These historians, however, of former days are not always the most accurate; but from this period the annals of the place are preserved, and at certain epochs it is far from unimportant in French history: as, when Talbot raised in 1442 the fortress called the Bastille, a defence so strong and in so well-chosen a situation, that even Vauban honored its memory by lamenting its destruction; when the inhabitants fought with the Flemings in the channel, in 1555; when Henry IVth, with an army of less than four thousand men, fled hither in 1589, as to his last place of refuge, winning the hearts of the people by his frank address:—"Mes amis, point de cérémonie, je ne demande que vos cœurs, bon pain, bon vin, et bon visage d'hôtes;" and when, as I have already mentioned, the town sustained from our fleet a bombardment of three days' duration, and was reduced by it to ashes.

For the excellence of its sailors, Dieppe has at all times been renowned: no less an authority than the President de Thou has pronounced them to be men, "penes quos præcipua rei nauticæ gloria semper fuit;" and they have proved their claims to this encomium, not only by having supplied to the navy of France the celebrated Abraham Du Quesne, the successful rival of the great Ruyter, but still more so by having taken the lead in expeditions to Florida[[12]]; by having established a colony for the promotion of the fur trade in Canada, if indeed they were not the original discoverers of that country; and by having been the first Christians who ever made a settlement on the coast of Senegal.
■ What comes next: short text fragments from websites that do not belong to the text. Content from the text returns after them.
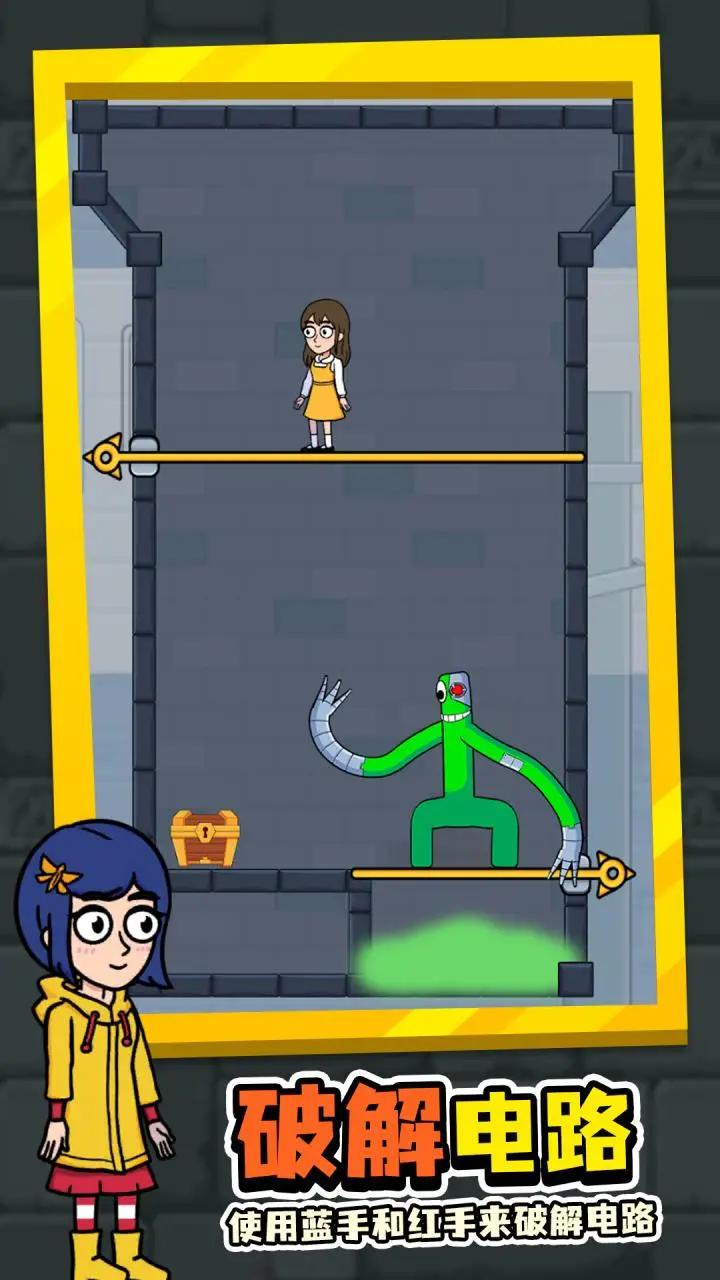 拯救蓝色朋友安卓版图1
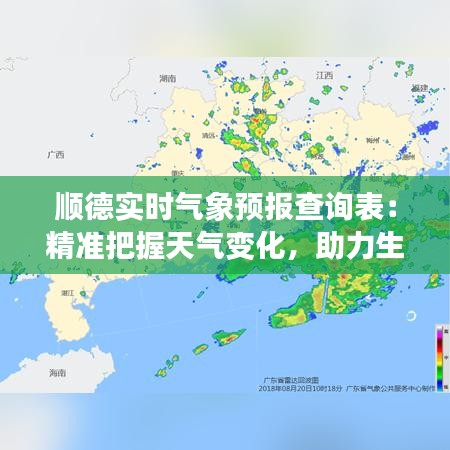 朴实无华 第2页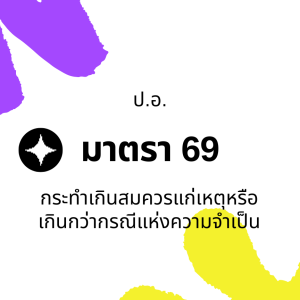 ประมวลกฎหมายอาญา มาตรา 69 กระทำเกินสมควร
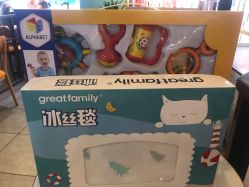 -乐友孕婴童(水游城店)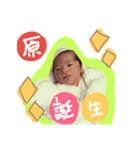 成壱ちゃんスタンプ（個別スタンプ：20）
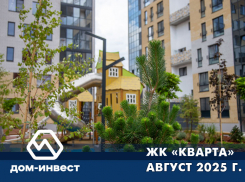 ЖК «Кварта». Фоторепортаж август 2025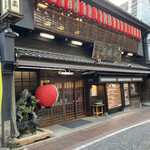 吉宗 本店 - 
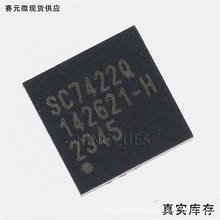 SC92F7422Q20R 8051��Ƭ��flash MCU ���ɵ���оƬ QFN20ȫ��ԭװ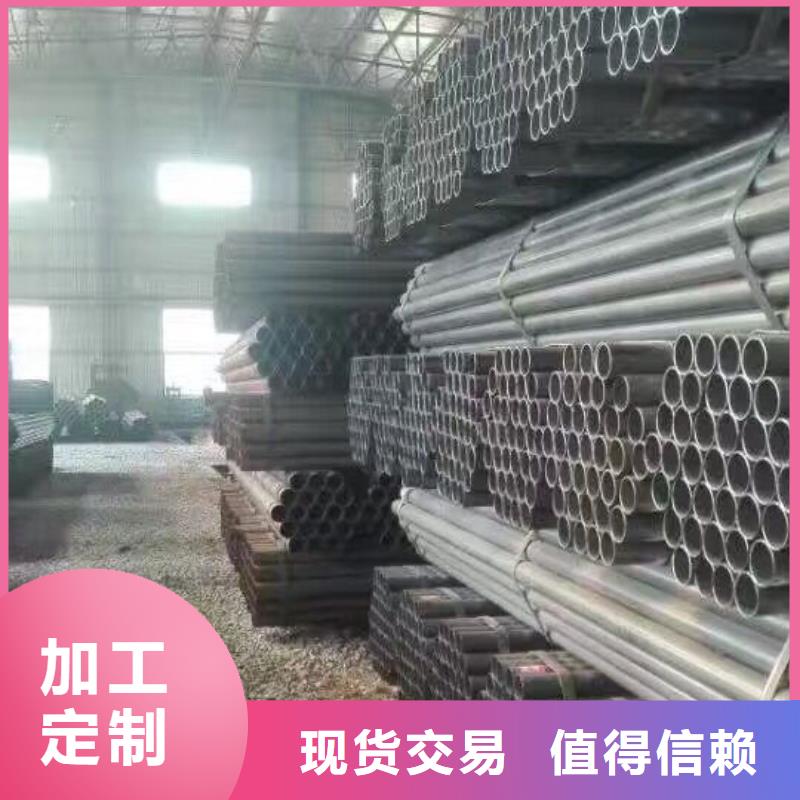 5寸镀锌管现货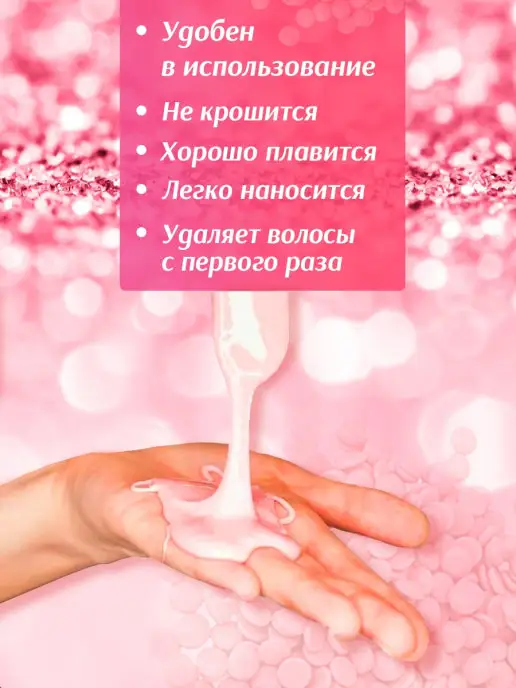 ITAL+/ITAL+ Воск для депиляции Пленочный воск Шпатели Шугаринг 100грамм, вариант, фото 3
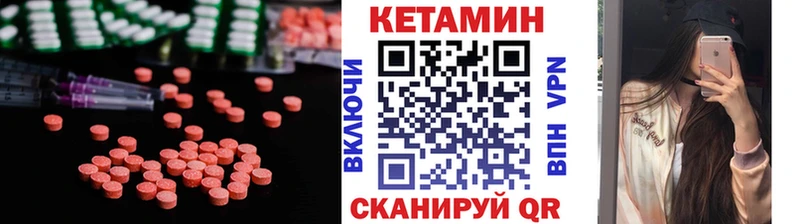 Кетамин VHQ  где можно купить наркотик  Сегежа 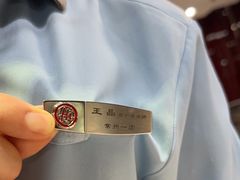 -海底捞火锅(吾悦国际广场店)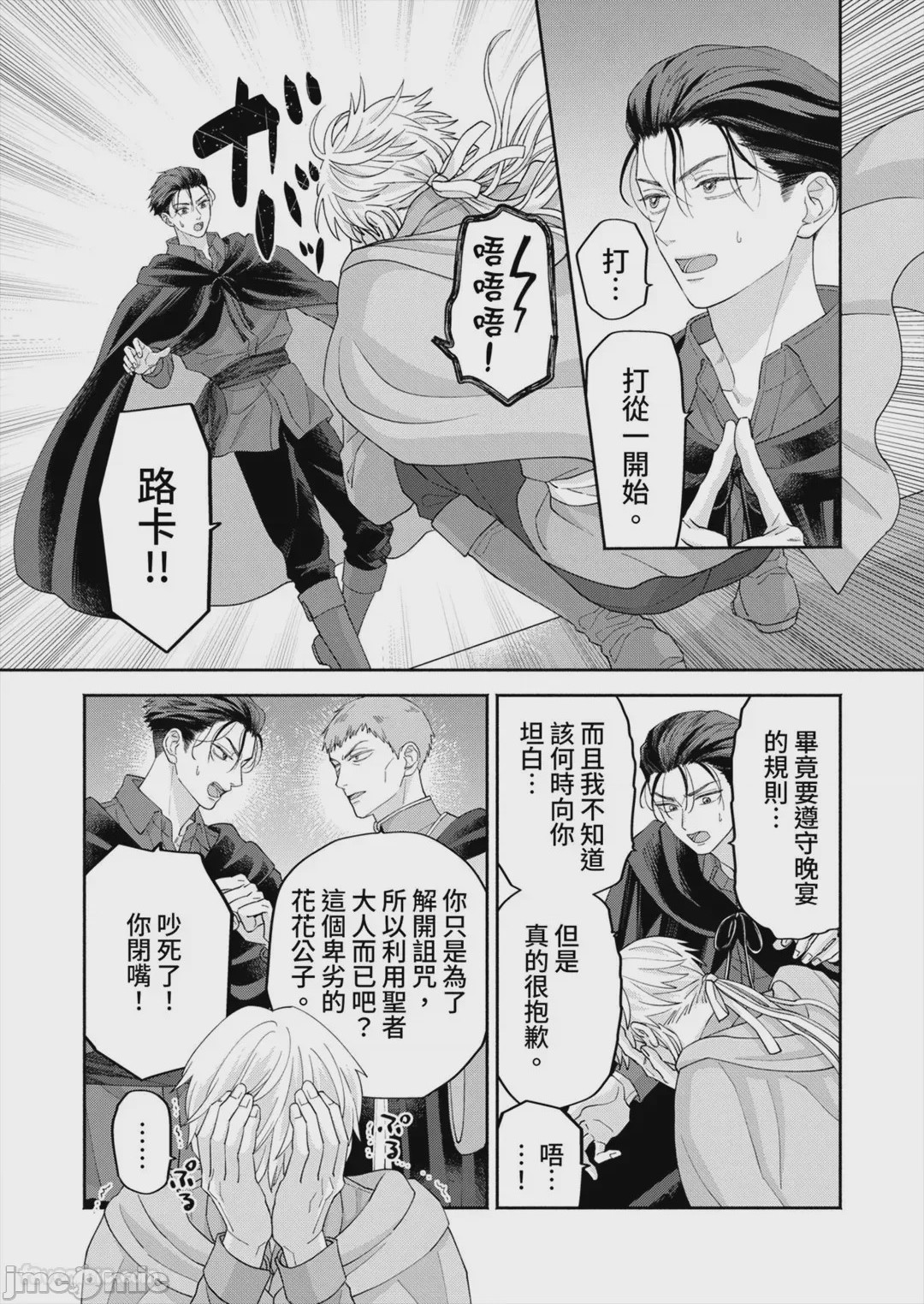 第1话、105 ページ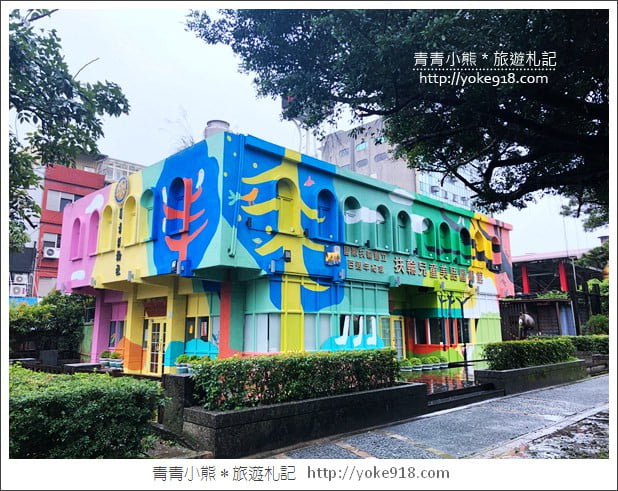 宜蘭新景點》羅東中山公園青鑼青創基地.童趣風新亮點~奶油兔麵包君出沒 @青青小熊*旅遊札記 宜蘭新景點》羅東中山公園青鑼青創基地.童趣風新亮點~奶油兔麵包君出沒 @青青小熊*旅遊札記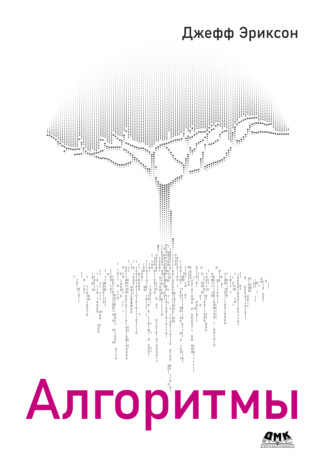 Джефф Эриксон. Алгоритмы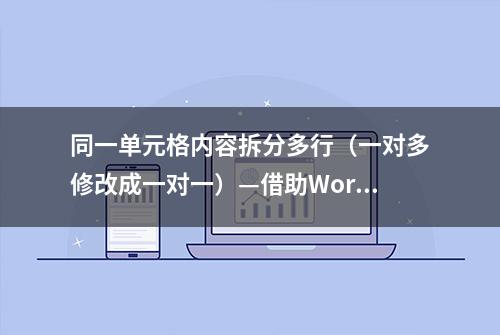 同一单元格内容拆分多行（一对多修改成一对一）—借助Word解决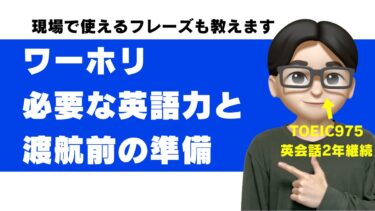 ワーホリは英語ができなくても大丈夫？必要な英語力と渡航前にやるべき準備【英語指導者が解説】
This last-mentioned event took place, according to French writers, at as early a period as the XIVth century; and, though the establishment was not of long duration, its effects have been permanent; for it is owing to the consignments of ivory then made to Dieppe, that many of the inhabitants were induced to become workers in that substance; a trade which they preserve to the present time, and carry the art to such perfection that they have few rivals. This and the making of lace are the principal employments of such of the natives as are not engaged in the fishery. In the earlier ages of the Duchy, the inhabitants of the Pays de Caux found a more effectual and important employment in the salt-works which were then very numerous on the coast, but which have long since been suffered to fall into decay. Ancient charters, recorded in the Neustria Pia, trace these works on the coast of Dieppe, and at Bouteilles on the right of the valley of Arques, to as remote a period as 1027; and they at the same time prove the existence of a canal between Dieppe and Bouteilles, by which in 1390 vessels loaded with salt were wont to pass. But here, as in England, such works have been abandoned, from the greater facility of communication between distant places, and of obtaining salt by other means.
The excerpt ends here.